Records for the exercise =>

§

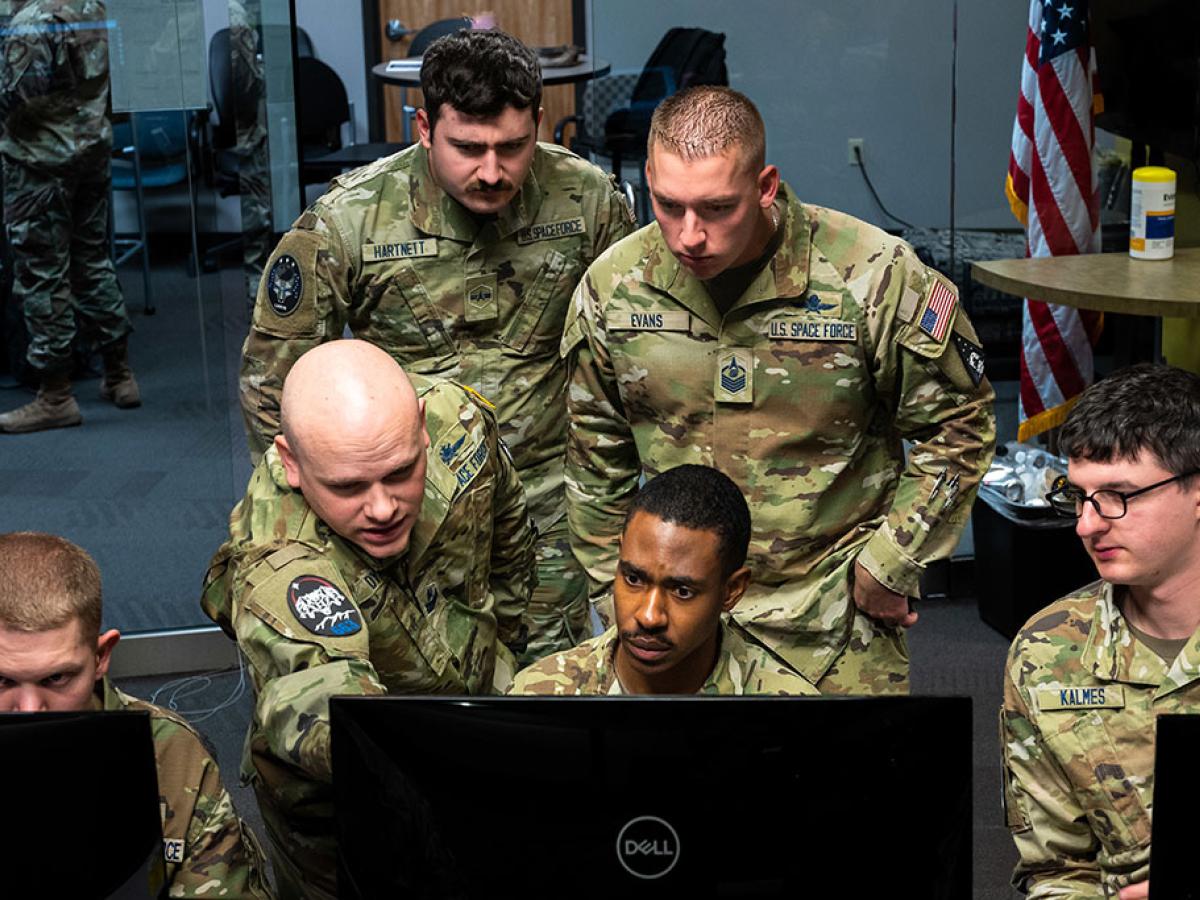 Military personnel, wearing camoflague uniform crowd round a computer monitor.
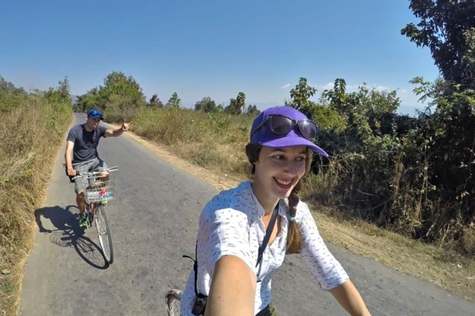 Tourists cycle on country roads in Indein village.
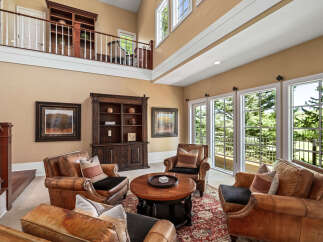 Experience luxurious living in this grand living room, featuring plush leather armchairs arranged around a central coffee table, perfect for intimate gatherings.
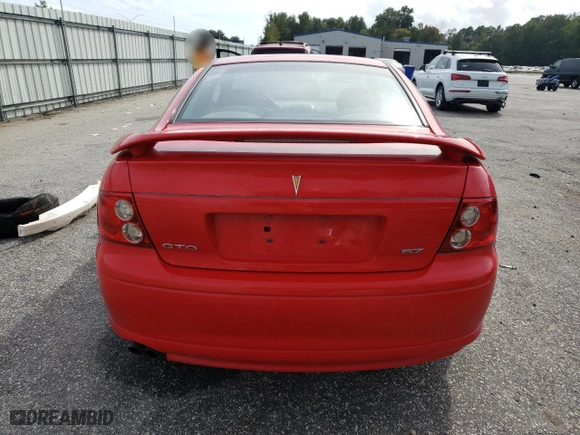 2004 Pontiac GTO with VIN 6G2VX12G64L299636, listed as a Copart auction lot 73538864 with 74,119 mi miles and Salvage Title. Bid and sale history available at carsss.com. Image 6.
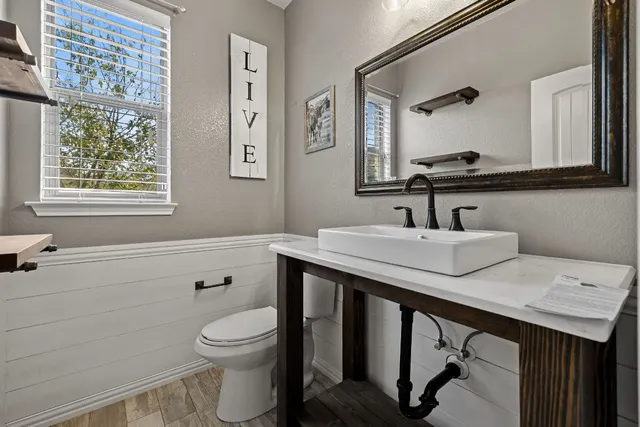 a view of a dining area with furniture window and wooden floor
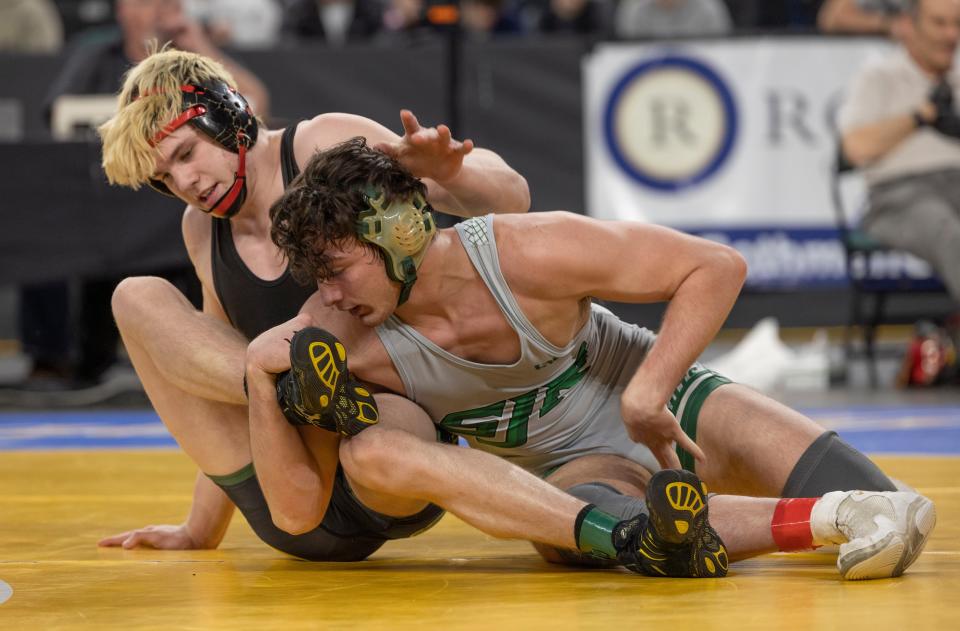 Brick Memorial freshman Harvey Ludington (behind) advanced to the 175-pound NJSIAA final with an 8-5 win over St. Joseph (Montvale's Mike Dellagatta Friday night.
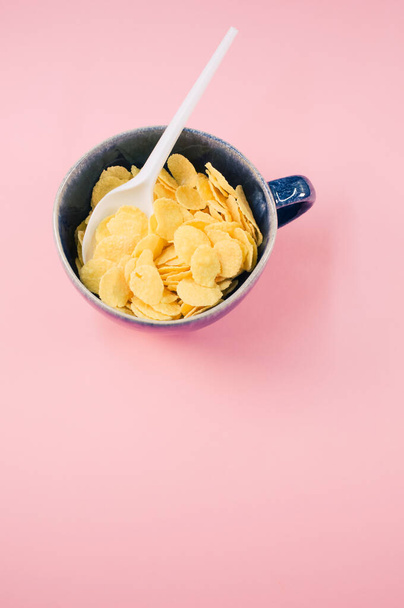A vertical shot of corn flakes on a cup with plastic spoon isolated on a pink background - Foto, afbeelding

§

Assignment => Please give back exactly the lines from the first line of the records above through the line containing "Brick Memorial freshman", only those and both included, with the pictures removed.

Result for this exercise =>
 Military personnel, wearing camoflague uniform crowd round a computer monitor.
 Tourists cycle on country roads in Indein village.
 Experience luxurious living in this grand living room, featuring plush leather armchairs arranged around a central coffee table, perfect for intimate gatherings.
 2004 Pontiac GTO with VIN 6G2VX12G64L299636, listed as a Copart auction lot 73538864 with 74,119 mi miles and Salvage Title. Bid and sale history available at carsss.com. Image 6.
 a view of a dining area with furniture window and wooden floor
 Brick Memorial freshman Harvey Ludington (behind) advanced to the 175-pound NJSIAA final with an 8-5 win over St. Joseph (Montvale's Mike Dellagatta Friday night.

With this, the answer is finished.